▸ **Your objective**:
Given the entries that follow, write out exactly the lines starting at the one containing "Magenta ja tumma" and ending at the one containing "Beautiful young tourist", both ends included, and only those.

▸ **Given information**:
+++++
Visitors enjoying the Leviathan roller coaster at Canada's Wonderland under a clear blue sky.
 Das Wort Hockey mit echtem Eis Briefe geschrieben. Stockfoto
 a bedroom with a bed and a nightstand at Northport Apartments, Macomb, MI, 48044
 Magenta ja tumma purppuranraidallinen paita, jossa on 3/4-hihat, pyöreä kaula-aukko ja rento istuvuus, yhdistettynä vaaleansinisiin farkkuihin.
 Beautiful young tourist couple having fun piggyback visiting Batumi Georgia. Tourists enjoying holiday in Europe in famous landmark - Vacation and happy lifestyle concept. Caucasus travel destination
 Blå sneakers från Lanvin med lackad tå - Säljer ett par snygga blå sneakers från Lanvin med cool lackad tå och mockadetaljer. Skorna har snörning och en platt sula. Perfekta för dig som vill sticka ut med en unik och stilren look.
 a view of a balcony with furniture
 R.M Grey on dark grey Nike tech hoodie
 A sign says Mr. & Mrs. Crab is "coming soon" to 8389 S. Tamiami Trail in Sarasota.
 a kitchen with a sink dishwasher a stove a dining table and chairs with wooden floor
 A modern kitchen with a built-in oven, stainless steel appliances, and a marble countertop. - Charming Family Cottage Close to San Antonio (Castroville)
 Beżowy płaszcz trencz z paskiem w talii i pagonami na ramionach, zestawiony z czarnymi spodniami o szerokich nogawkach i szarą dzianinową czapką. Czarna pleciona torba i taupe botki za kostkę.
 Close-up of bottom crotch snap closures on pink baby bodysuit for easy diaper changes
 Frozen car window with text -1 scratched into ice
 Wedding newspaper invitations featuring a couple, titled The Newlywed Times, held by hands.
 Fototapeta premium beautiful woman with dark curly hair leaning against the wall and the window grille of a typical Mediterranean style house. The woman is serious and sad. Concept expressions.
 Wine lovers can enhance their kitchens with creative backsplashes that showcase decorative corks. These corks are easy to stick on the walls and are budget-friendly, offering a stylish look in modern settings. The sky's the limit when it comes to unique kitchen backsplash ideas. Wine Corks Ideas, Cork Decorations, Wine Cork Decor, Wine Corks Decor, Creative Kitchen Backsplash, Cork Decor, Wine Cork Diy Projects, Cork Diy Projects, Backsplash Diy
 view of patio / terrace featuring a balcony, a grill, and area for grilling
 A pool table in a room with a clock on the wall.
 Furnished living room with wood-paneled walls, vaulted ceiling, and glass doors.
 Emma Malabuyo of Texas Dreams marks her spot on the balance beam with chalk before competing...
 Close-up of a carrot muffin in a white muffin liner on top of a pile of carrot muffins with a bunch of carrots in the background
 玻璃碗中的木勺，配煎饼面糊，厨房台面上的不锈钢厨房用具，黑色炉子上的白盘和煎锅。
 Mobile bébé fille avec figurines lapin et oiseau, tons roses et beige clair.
+++++
▸ **Result**:
 Magenta ja tumma purppuranraidallinen paita, jossa on 3/4-hihat, pyöreä kaula-aukko ja rento istuvuus, yhdistettynä vaaleansinisiin farkkuihin.
 Beautiful young tourist couple having fun piggyback visiting Batumi Georgia. Tourists enjoying holiday in Europe in famous landmark - Vacation and happy lifestyle concept. Caucasus travel destination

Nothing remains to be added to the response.